Il y a là — sans nul doute — une cause économique, que, si j'avais le temps et si je ne craignais de faire de la politique, j'aimerais à vous développer: mais il y a là aussi une cause héréditaire de race, et c'est sur celle-ci que je veux m'arrêter.

La race possède encore sa suprême influence dans la vie des sociétés; et la race latine, avec son impétuosité, son manque de réflexion, son amour pour tout ce qui est apparence et parade, n'est pas certainement la plus apte à nous offrir des foules qui, à l'élan magnifique de l'enthousiasme, sachent opposer le travail plus obscur, mais plus utile, du cerveau.

Néanmoins, je crois qu'on pourrait combattre ou modifier cette influence de la race avec l'instruction et l'éducation.
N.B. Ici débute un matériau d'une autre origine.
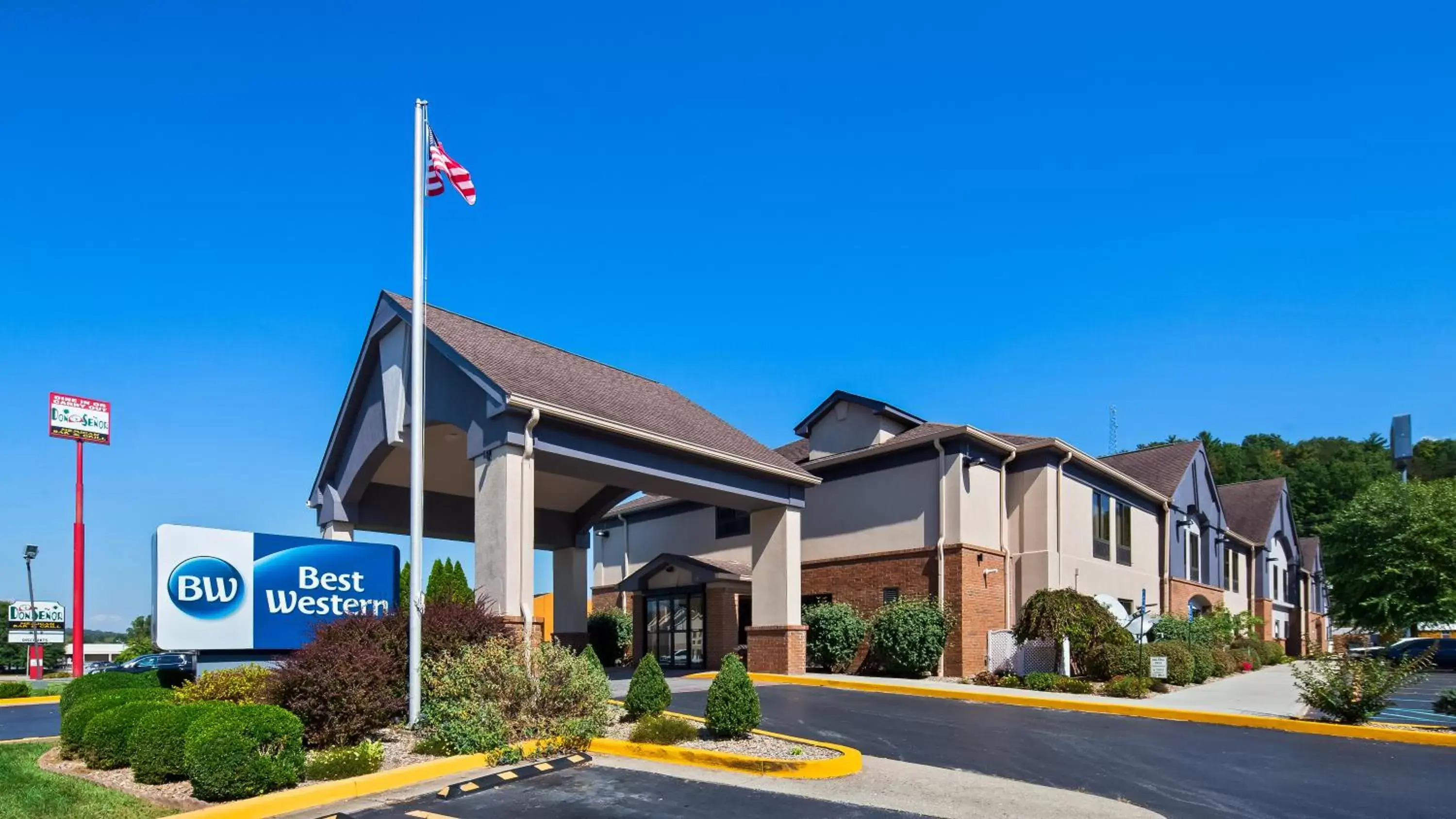 Property building in Best Western Eagles Inn Property building in Best Western Eagles Inn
Je crois que, si on savait diriger et développer l'âme latine, on en pourrait cueillir des fruits presque égaux, sinon supérieurs, à ceux qui sont produits par l'âme anglo-saxonne.

L'éducation, dans les pays latins, et je parle surtout de mon pays, l'Italie, est encore victime de la tradition: elle se base sur un prétendu axiome qui n'est rien autre qu'un préjugé, et elle croit que ce qui a été pratiqué une fois doit l'être toujours.

Le jeune homme d'aujourd'hui doit apprendre à peu près ce qu'il apprenait il y a cent ans: et, ce qui est bien pis, son éducation doit être à peu près égale à celle d'il y a un siècle, — comme si le monde, pendant ce temps, n'avait pas marché. En un mot, on maintient les nouvelles générations dans l'état de la Chine, ce peuple incapable de perfectionnement.

Par ce préjugé, l'éducation se résume dans l'instruction, et dans une instruction formelle et livresque. On crée une jeunesse qui ne fait qu'apprendre par cœur des livres, sans que son jugement et son initiative soient jamais exercés.